Frontiers of Data and Domputing ›› 2022, Vol. 4 ›› Issue (2): 63-73.

doi: 10.11871/jfdc.issn.2096-742X.2022.02.006

• Special Issue: Advanced Intelliget Computing Platform and Application • Previous Articles     Next Articles

Research On Chinese Name Recognition Based on Deep Learning and Coreference Resolution

CHEN Yu(),XUAN Yuhang(),ZHANG Yuzhi*()   

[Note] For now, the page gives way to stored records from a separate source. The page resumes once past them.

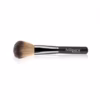 fobr02_foundation_brush Puudripintsel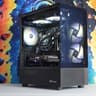 Msi 3060Ti| Gaming PC | Ryzen 5 3600|16GB Ram|Wifi|BT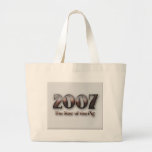 chk18 bags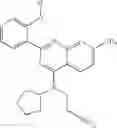 Fig. 960 - Quinazolines useful as modulators of ion channels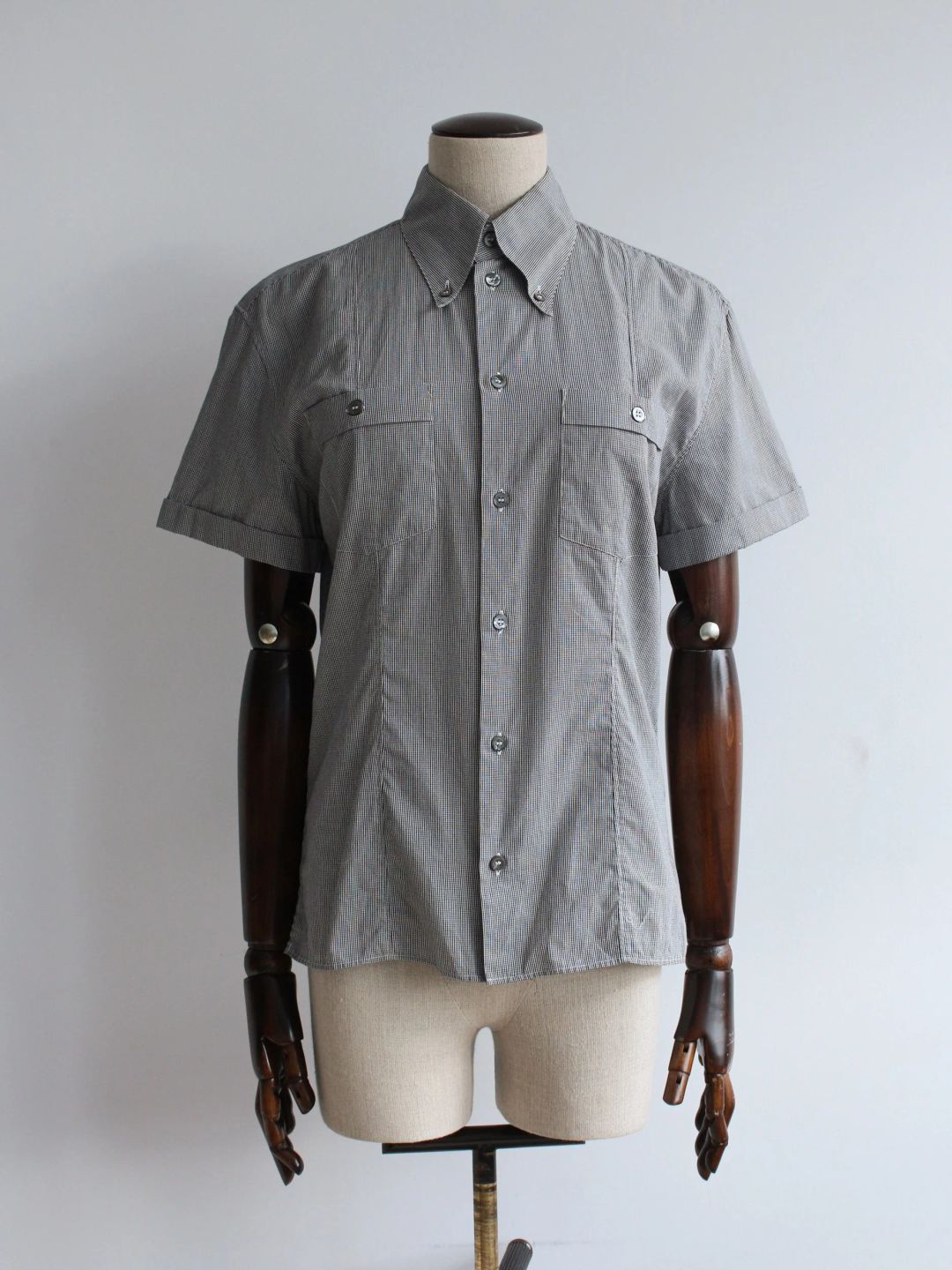 Thumbnail 20c54d46-6229-461c-9fd6-f159fc13eb06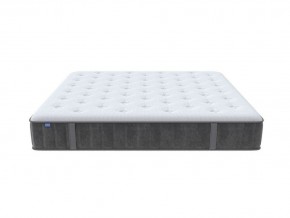 PROxSON Матрас Glory Medium (Трикотаж Prestige Steel) 140x210 в Шадринске - shadrinsk.mebel24.online | фото 8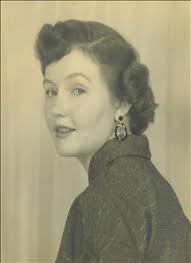 Life Story for Ida Nell Sharp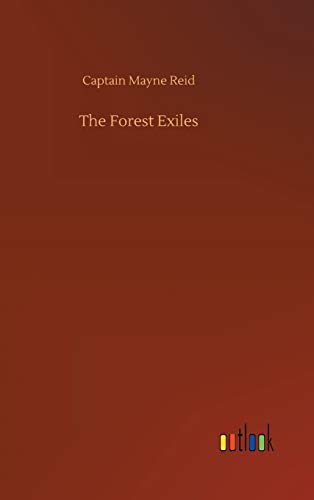 The Forest Exiles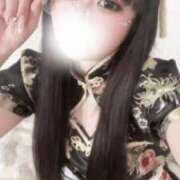 みに お礼日記💌 E+アイドルスクール　大阪・日本橋店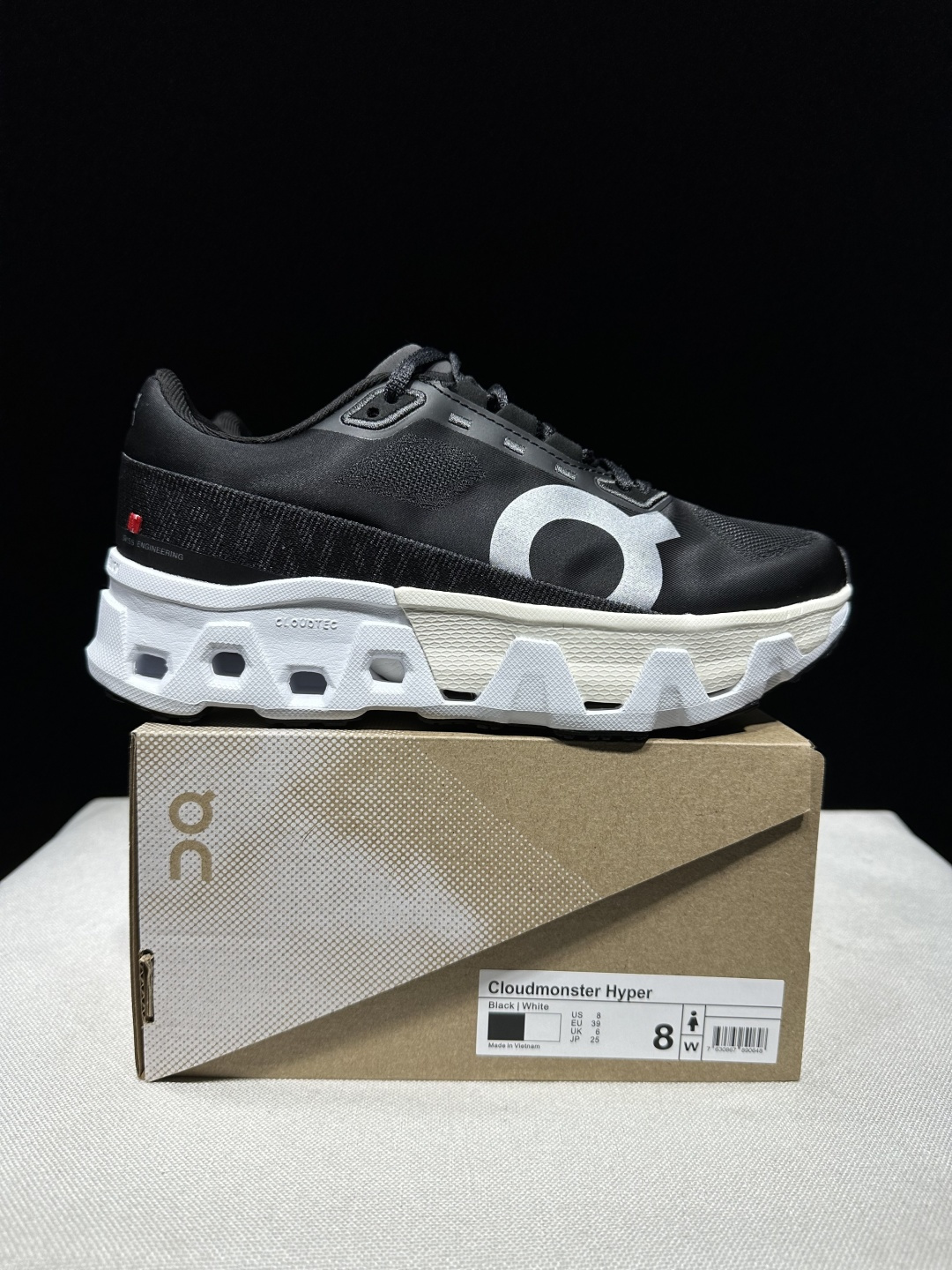 Designer Sneakers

  1. School of Software, Nankai University, Tianjin 300450, China
  • Received:2022-02-13 Online:2022-04-20 Published:2022-04-30
  • Contact: ZHANG Yuzhi E-mail:2320200003@mail.nankai.edu.cn;xyh2575179890@163.com;zyz@nankai.edu.cn;zyz@nankai.edu.cn

Abstract:

[Objective] Named entity recognition is a basic task in the field of natural language processing. Entities include person names, place names, and organization names. Compared with other entities, person names are related to job titles, job changes, and personal pronouns. In the entity recognition of personal names, the incompleteness of the personal name corpus and the unclear personal designation have become difficulties and pain points in processing. Based on this observation, this paper proposes a sequence tagging method that integrates denotation resolution to improve name recognition, which can effectively alleviate the problem of incomplete name corpus in name recognition, and can solve the problems of unclear personal pronouns and high labor consumption. [Methods] Specifically, using job change to enhance data can effectively solve the problem of insufficient labeled data in practical applications. Then, to better learn contextual features, this approach uses the combination of language pre-training model BERT and bidirectional long-term memory network and uses conditional random field modeling to label the relationship of sequences. Finally, for the personal pronouns in the text, a coreference resolution algorithm is added to further improve name recognition. [Results] The experiment results on both public datasets and the datasets proposed in this paper demonstrate the effectiveness of the proposed method.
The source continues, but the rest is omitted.